Lisa H. Cooper, Columbia University. “‘Unto our craft apertenying’: Representing the Artisan in Late Medieval England.”
“Previous scholarship on the image of artisans and their crafts in medieval English literature has largely focused on the role of the guilds in the production of the urban Corpus Christi cycle plays, on the artisan as but one small part of the genre of ‘estates literature,’ or on the craftsmanship of one very particular kind of artisan,the poet himself. My dissertation expands this field of study significantly, situating itself between the poles of matter and metaphor to examine the way that the most concrete of acts — the making of an object with a tool — becomes a metaphor as it is represented, adapted, and co-opted in and by the language and literature of education, secular entertainment, spiritual instruction, and public record.”
Julie Noecker, Oxford University.
“For my thesis topic, I intend to investigate the concept of brotherhood or ‘fellowship’ as it is articulated in the war/peace and public/private debates in Malory’s Le Morte Darthur and compare it to concurrent historical sources. Malory’s idea of ‘fellowship’ is a complex concept. For example, the MED lists eight senses of the word ‘fellowship,’ six of which Malory uses in his text. I believe the Round Tale and its fellowship can be perceived as a political ideal that has links to fifteenth century political thought. Some of the historical sources with which I wish to start my investigation are John Fortescue’s The Governance of England, the Middle English Translation of Christine de Pisan’s Livre du Corps de Policie and also the Stoner, Plimpton and Paston Letters.
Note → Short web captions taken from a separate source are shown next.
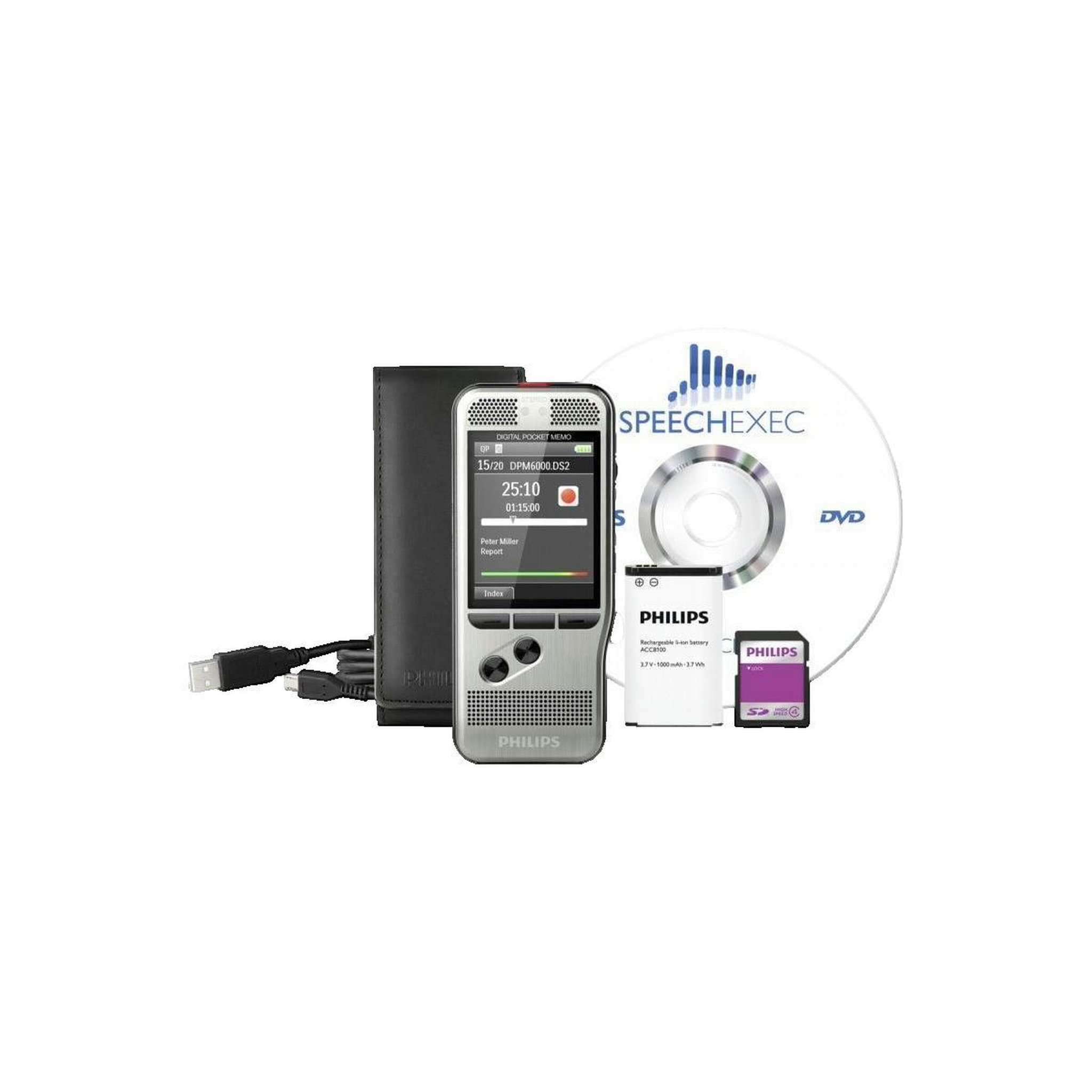 Voir la diapositive 3 : Philips Enregistreur vocal Philips DPM6700/03 stéréo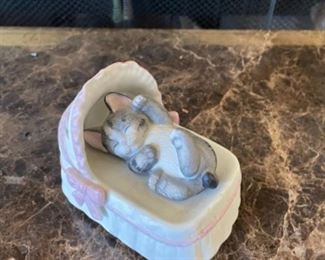 Kitty in Baby Crib Ceramic Figure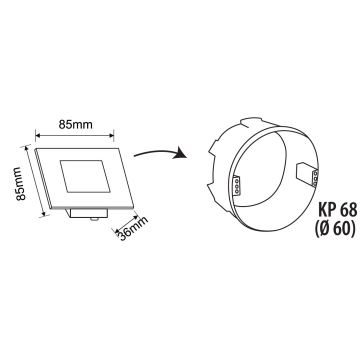 LED Vonkajšie schodiskové svietidlo LED/1,7W/230V 4000K IP44 biela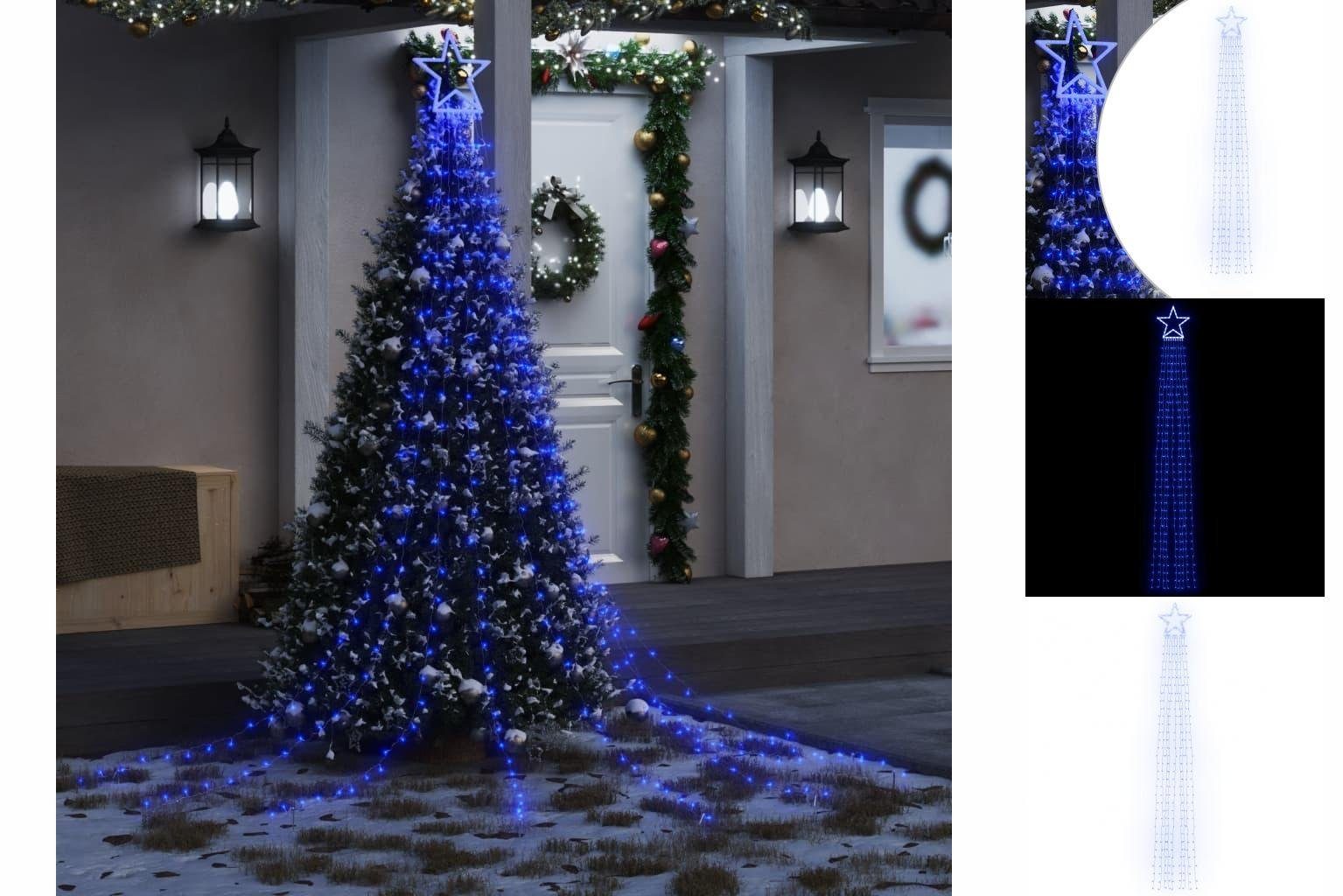 vidaXL Dekolicht Weihnachtsbaum-Beleuchtung 320 LEDs Blau 375 cm Außenbereich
Some of the other works with which I would like to begin are The Great Chronicle of London, The Chronicle of John Hardyng, and The Brut.”
I would like to thank the members of the selection committee — Lorraine C. Attreed, Barbara A. Hanawalt, A. Compton Reeves, Shelley A. Sinclair, and Charles T. Wood — for reviewing the applications on an accelerated timetable after an unconscionable delay on my part in sending them out. I would also like to thank the many generous members of the American Branch whose contributions made it possible to make almost the entire award from current giving.